The recognition that there are counter-voices contained alongside one another in the biblical text is significant for it enables one to understand the character of God more fully. As West41 notes, "It facilitates building the religio-spiritual capacities required to live positively in a religious landscape dominated by theologies of retribution."42 This gives theological resilience, a ' significant resource' which enables marginalised sectors to interpret the Bible from, and for, their own experience.43

God does not view Complaint as a Lack of Faith or Hope

Complaint to God is presented in the Scriptures as "an act of hope that fully expects a response from a hearing God who is capable and who may be willing to intervene in effective ways". 44 It is not viewed by God as evidence of a lack of faith.45 Rather, as Bullock46 asserts, "There is a place in biblical faith for this kind of boldness before God. The psalms of lament carve out a spiritual niche for us where we can use the colloquial language of life's hurts and still stay within the vocabulary of faith." Gutierrez47 goes even further when he claims that "In the Bible, complaint does not exclude hope; in fact, they go together". Walter Kasper48 gives the example of Jesus' words on the cross ('My God, my God, why have you forsaken me?' Matthew 27:46 ESV) as representing "not a cry of despair but a prayer confident of an answer, and one which hopes for the coming of God's kingdom". Even in the midst of Job's excruciating pain, he reveals moments of hope (as in Job 13:15) as well as belief in God's 'wisdom and might' (Job 12:13 ESV). And it is to God that he brings his lament, "filled with deep pain but also with lively hope".49 Indeed, the recognition of pain is "the beginning of . felt hope. Those who are capable of noticing their hurt recognise that it is not normal and is unacceptable, and the situation must be changed."50 As those in pain insist on raising their protest through complaint and petition, the way is opened for hope to emerge. However, hope does not deny the significant obstacles along the way,51 and thus is almost always infused with fear, to some degree.52But hope is allied with humility and imagination as it actively seeks to make new meaning.53

Laments help us to reflect on the relationship between hurt and hope. As Brueggemann54 observes, "The Old Testament . mediates ethical reflection through disclosures of hurt and articulations of hope". If the complaint of hurt includes petition (as do many laments), this can be seen as "an act of hope, fully anticipating that God can and will hear the petition and act to transform the circumstance"55. The speaker waits for God's response, "is not intimidated, accepts no responsibility for the problems, and proposes no way out. ... If there is to be a next move, it will have to be on the part of God".56 This reveals the faith of the lamenter, believing that God can, and will, bring relief. Moreover, lament is based on the belief that "there is some benevolent disposition toward oneself somewhere in the universe, conveyed by a caring person".57 In the biblical text, the lamenter has faith that YHWH will respond with care, either directly or through a third party. As Gerstenberger58 notes, "[Laments] are acts of a relentless hope that believes no situation falls outside Yahweh's capacity for transformation [or] ... outside Yahweh's responsibility."

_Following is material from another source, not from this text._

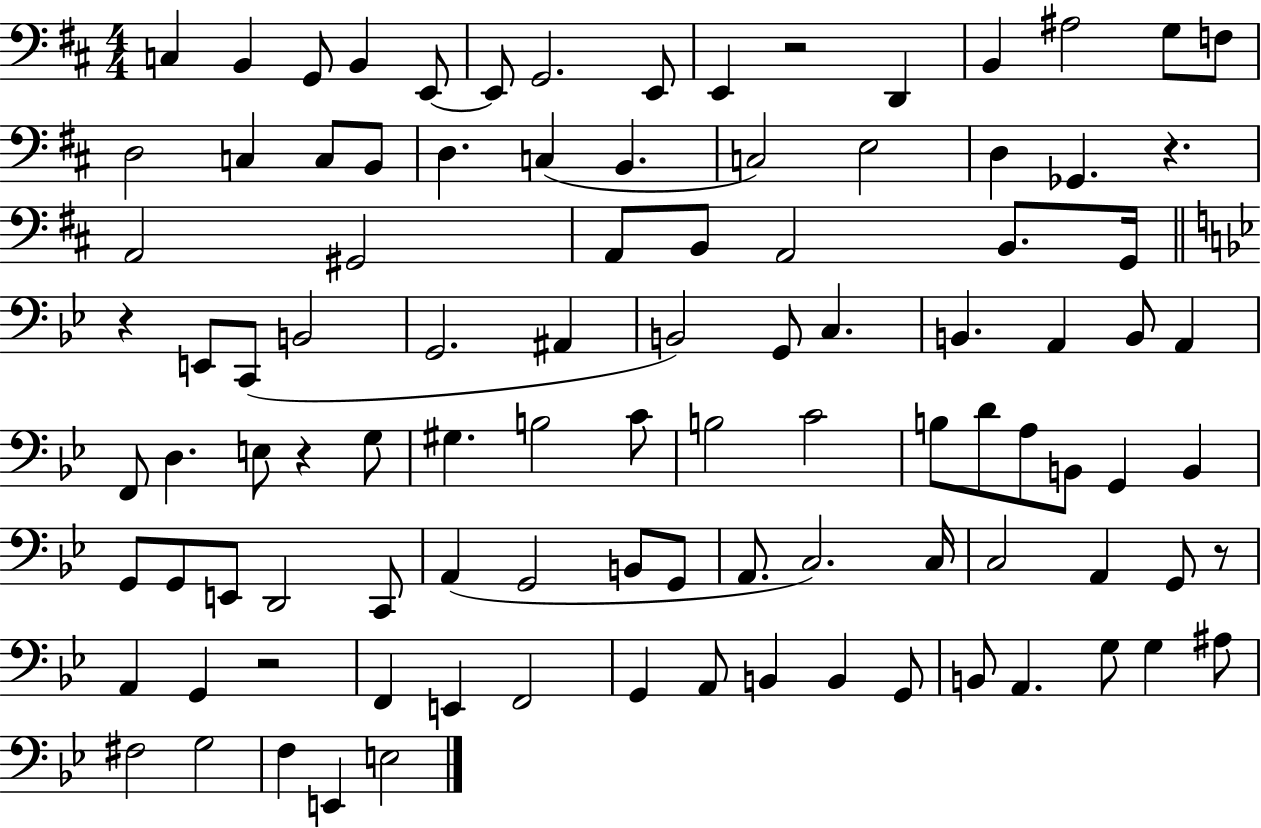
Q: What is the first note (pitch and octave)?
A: C3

Brueggemann59 sees the hope as not only for some future time, but "also a dismantling of the present". For some scholars,60 the lamenter's hope lies in the possibility that YHWH "might turn his [sic] anger and be gracious". "Where the cry is not voiced, heaven is not moved and history is not initiated. The end is hopelessness. Where the cry is seriously voiced, heaven may answer ."61 For other scholars, the hope arises not necessarily from changed circumstances, but from "public resistance to YHWH and refusal to accept further punishment without challenge". 62 The very act of resistance to suffering provokes strength to well up, to replace hopelessness. Thus the refusal to settle for the way things are emerges either from a tenacious hope that believes things can change, or it stimulates hope as it protests an unrighteous situation.

Thus, lament is the language of hope, for lament and hope are "flipsides of the same coin".63 One could also say that lament and faith are inseparable. For without faith that God cares and will do something, one would not bother to 'pour oneself out' to God.64 In our modern world, complaint and lack of faith have been equated,65 but the converse is true. Lament can enrich a naïve view of faith. It does not represent a failure of faith, but an act of faith.66 The lamenter recognises his utter dependence on God, and consequently "gives full rein to his lament as the expression of his belief that no human aid can avail him anything", but that "God in his [sic] great love and compassion will not resist his plea."67 Complaint to a fellow human being would be simply complaint, but as it is addressed to God, "this makes all the difference",68 it becomes an act of faith.

Gelin69 agrees that cries of indignation are not blaspheming but the out-workings of faith. For example, the pain the psalmist expresses in Psalm 88 is "within the limits of faith". They are "cries that need to be uttered", and the fact that they were uttered (and recorded as holy text) affirms that such an "opening-out of oneself to God" is recognised to be an act of faith.70 And "faith is the foundation of hope ... for faith unites us to the God of promises."71 Thus lament, in the eyes of God, is a sign of both hope and faith.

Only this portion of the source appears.